→ **Activity**
The only acceptable reply is the number of lines in the material below that hold "Imagen".

*** Data for this exercise

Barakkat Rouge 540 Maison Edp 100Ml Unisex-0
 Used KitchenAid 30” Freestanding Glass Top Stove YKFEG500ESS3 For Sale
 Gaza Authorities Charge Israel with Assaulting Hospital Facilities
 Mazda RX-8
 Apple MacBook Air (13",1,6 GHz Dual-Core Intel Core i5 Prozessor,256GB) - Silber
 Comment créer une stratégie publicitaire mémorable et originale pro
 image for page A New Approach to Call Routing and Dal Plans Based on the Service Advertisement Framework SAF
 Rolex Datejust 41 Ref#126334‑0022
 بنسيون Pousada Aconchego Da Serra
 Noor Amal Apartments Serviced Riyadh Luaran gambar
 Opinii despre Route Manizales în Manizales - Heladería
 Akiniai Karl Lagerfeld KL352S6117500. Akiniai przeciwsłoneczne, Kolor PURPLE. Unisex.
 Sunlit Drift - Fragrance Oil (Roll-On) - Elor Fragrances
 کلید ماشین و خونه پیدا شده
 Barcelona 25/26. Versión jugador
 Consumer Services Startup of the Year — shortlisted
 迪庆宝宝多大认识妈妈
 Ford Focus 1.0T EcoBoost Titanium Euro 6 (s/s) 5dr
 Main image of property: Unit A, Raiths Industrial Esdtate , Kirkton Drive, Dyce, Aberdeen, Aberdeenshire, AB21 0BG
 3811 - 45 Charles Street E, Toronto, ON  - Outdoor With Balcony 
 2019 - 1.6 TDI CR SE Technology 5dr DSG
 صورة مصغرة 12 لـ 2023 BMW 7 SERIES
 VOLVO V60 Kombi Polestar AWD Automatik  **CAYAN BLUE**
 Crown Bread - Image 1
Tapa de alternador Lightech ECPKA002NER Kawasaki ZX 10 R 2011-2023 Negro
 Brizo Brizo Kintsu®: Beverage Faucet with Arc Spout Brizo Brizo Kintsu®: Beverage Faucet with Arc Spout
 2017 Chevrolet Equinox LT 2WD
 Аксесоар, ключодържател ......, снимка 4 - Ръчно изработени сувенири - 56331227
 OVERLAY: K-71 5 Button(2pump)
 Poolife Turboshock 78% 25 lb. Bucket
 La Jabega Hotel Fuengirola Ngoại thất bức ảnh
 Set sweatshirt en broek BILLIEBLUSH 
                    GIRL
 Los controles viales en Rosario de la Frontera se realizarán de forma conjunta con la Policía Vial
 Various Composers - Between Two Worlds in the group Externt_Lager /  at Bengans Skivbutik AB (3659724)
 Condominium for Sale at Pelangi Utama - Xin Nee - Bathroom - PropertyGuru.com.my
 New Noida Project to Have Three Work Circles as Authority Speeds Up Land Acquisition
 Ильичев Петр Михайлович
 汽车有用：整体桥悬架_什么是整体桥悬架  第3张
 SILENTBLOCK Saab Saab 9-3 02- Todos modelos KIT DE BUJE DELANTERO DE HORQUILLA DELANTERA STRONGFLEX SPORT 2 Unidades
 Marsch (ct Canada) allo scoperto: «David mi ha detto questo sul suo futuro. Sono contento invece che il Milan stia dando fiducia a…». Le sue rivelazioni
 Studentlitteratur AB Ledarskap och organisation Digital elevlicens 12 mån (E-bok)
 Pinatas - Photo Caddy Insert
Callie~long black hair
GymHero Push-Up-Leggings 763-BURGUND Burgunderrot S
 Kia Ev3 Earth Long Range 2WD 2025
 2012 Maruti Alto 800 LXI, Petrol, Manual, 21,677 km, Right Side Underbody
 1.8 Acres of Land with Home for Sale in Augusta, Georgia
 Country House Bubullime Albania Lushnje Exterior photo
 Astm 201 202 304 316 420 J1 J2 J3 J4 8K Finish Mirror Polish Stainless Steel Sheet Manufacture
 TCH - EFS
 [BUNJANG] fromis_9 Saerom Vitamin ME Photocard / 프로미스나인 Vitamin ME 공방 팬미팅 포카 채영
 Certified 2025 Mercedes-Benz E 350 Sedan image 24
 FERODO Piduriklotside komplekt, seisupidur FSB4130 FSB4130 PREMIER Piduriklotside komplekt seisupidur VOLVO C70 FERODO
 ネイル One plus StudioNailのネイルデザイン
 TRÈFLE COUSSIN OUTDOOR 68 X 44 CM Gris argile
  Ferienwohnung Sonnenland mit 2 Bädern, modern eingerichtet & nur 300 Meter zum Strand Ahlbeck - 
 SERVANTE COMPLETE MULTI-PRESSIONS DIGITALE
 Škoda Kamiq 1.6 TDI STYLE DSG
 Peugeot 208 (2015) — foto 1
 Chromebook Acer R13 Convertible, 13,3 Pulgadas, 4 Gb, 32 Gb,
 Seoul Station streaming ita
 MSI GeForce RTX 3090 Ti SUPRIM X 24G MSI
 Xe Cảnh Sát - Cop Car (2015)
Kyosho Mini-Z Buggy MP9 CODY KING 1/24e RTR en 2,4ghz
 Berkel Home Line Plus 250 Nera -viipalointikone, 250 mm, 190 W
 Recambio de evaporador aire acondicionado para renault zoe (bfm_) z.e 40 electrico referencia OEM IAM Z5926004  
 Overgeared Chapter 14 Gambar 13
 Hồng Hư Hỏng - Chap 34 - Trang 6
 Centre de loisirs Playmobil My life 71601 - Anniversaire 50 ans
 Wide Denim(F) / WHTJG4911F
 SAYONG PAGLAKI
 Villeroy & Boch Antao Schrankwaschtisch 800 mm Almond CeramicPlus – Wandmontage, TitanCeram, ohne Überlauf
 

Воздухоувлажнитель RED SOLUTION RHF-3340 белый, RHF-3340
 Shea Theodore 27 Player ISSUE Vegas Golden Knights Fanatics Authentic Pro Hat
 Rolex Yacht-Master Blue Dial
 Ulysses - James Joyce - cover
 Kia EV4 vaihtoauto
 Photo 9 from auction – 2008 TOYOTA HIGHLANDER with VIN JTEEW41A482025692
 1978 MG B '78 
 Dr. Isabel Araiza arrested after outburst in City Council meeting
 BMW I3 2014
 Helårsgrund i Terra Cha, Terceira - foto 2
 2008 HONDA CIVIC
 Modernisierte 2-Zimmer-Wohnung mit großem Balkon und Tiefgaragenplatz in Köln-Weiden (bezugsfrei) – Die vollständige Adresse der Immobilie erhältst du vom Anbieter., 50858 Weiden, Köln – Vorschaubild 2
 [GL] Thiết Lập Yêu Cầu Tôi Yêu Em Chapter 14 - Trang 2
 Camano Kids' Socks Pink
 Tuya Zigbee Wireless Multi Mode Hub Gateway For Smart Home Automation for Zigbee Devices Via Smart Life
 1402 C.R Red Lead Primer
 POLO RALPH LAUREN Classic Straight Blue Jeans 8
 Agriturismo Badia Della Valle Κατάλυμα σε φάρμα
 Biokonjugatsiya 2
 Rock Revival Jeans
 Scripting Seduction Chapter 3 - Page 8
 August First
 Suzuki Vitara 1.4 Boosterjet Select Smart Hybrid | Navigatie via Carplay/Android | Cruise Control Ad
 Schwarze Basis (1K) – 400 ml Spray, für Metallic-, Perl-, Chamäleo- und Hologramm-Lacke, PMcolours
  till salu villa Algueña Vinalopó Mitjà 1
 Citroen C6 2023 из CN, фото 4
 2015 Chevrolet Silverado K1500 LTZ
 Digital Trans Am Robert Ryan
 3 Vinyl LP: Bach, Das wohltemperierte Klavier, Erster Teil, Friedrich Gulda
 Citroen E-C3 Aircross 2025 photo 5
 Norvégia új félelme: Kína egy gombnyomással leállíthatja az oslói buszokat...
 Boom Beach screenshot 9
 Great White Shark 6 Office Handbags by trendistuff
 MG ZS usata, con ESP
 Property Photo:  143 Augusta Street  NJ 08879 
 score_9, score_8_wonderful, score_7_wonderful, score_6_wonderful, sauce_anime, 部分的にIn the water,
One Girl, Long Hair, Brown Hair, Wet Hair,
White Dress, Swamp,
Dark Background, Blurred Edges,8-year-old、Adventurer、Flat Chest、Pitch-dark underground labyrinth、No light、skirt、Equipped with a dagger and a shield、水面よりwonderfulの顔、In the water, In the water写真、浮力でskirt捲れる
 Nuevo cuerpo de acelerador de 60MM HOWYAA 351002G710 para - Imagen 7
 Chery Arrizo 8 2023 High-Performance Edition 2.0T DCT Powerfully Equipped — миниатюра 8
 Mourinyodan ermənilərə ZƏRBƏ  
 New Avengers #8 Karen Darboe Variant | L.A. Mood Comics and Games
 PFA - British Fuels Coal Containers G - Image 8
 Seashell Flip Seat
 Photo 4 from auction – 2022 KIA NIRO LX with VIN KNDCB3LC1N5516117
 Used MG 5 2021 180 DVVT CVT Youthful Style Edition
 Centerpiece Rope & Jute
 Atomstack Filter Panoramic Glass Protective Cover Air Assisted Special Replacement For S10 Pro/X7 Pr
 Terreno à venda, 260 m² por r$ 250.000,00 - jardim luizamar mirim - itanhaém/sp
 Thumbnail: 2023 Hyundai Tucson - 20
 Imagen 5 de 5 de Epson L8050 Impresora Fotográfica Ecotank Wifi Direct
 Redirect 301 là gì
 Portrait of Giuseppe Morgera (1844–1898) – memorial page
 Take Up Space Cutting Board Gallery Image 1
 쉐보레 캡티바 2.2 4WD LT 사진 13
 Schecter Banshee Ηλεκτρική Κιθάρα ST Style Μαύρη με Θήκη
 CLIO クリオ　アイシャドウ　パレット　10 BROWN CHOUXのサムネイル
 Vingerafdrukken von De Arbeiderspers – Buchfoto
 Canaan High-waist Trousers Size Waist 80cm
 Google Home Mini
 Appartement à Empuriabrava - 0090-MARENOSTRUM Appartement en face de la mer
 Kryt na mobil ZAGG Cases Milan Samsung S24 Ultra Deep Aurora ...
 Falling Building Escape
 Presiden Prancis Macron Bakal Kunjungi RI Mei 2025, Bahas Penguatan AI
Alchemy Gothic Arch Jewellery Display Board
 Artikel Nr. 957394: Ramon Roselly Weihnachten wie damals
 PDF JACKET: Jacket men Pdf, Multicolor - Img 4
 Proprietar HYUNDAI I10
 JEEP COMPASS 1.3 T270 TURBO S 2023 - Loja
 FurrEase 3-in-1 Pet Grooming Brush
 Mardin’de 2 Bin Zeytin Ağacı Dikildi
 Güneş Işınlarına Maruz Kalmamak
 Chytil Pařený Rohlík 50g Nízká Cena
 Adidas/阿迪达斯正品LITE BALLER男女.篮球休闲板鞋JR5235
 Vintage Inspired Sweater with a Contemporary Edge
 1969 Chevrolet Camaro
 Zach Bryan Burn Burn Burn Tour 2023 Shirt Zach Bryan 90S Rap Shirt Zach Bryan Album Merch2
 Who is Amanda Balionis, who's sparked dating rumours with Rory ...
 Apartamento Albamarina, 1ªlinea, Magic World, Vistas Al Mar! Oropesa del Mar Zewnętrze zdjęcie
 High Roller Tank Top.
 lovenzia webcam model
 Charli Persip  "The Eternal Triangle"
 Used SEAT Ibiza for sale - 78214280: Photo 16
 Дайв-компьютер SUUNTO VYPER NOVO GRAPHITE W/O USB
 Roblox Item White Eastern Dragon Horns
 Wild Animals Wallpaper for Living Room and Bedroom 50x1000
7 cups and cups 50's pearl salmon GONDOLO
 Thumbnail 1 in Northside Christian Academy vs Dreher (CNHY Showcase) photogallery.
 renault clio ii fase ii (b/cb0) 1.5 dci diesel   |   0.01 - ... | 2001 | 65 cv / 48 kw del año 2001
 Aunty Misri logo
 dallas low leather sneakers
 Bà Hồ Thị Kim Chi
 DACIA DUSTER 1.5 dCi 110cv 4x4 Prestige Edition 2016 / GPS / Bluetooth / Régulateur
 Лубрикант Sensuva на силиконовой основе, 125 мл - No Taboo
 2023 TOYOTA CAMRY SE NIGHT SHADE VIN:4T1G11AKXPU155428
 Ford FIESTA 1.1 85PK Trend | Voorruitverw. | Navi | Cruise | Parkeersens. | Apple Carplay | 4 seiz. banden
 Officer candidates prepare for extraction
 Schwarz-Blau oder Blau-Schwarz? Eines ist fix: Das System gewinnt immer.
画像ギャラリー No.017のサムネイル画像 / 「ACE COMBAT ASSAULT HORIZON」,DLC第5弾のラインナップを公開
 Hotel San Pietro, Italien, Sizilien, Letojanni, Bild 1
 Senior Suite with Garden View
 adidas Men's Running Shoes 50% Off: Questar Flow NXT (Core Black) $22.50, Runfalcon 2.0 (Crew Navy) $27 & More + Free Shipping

******

→ **Response**
2